#### Problem statement
When you reach the line that contains "Mariage champetre a Castres", set down that line and every one after it through the end of the records, exactly as written and with no pictures.

#### Dataset entries
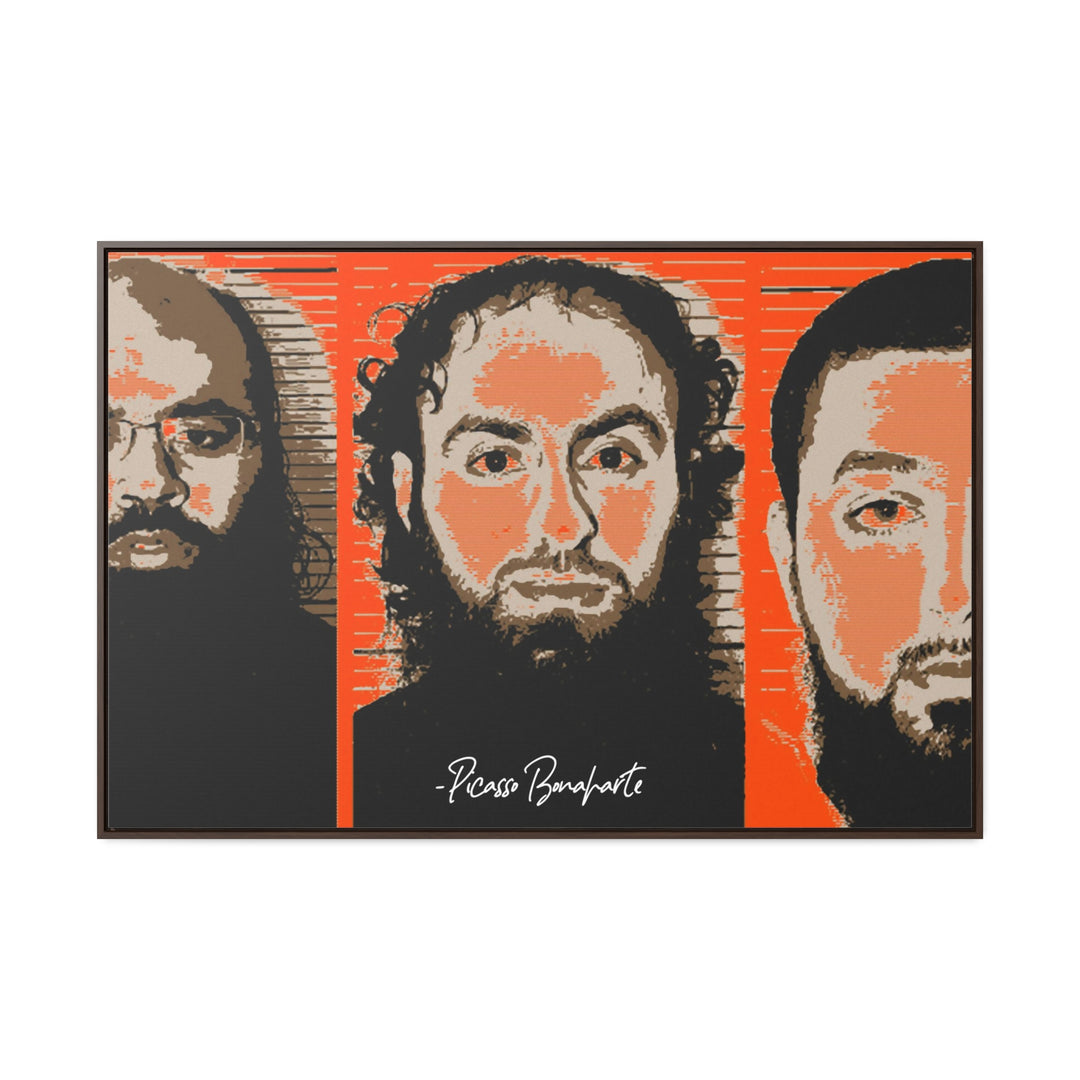 "Jihadi Pop Art #1" Gallery Wrapped/Framed Canvas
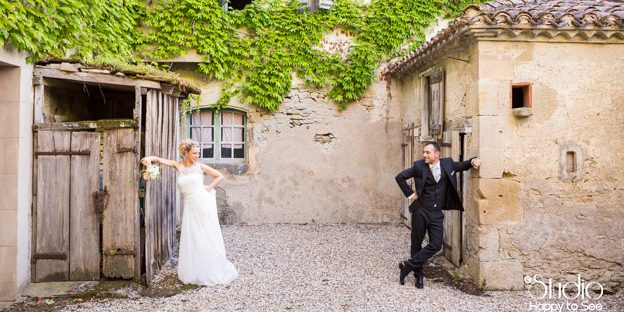 Mariage champetre a Castres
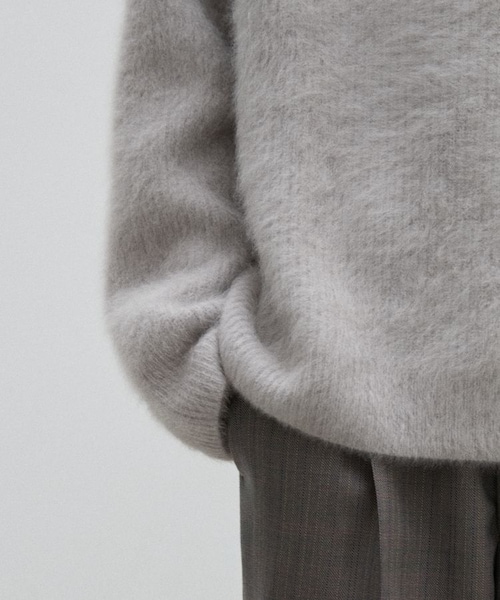LIDNM（リドム）の「FOX CASHMERE KNIT（ニット/セーター）」 - WEAR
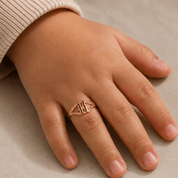 Initial Signet Ring - Karen's Fine Jewellery
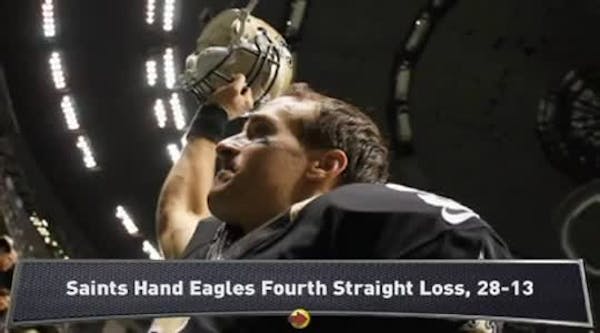 New Orleans Saints drop Eagles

#### Written solution
 Mariage champetre a Castres
LIDNM（リドム）の「FOX CASHMERE KNIT（ニット/セーター）」 - WEAR
 Initial Signet Ring - Karen's Fine Jewellery
 New Orleans Saints drop Eagles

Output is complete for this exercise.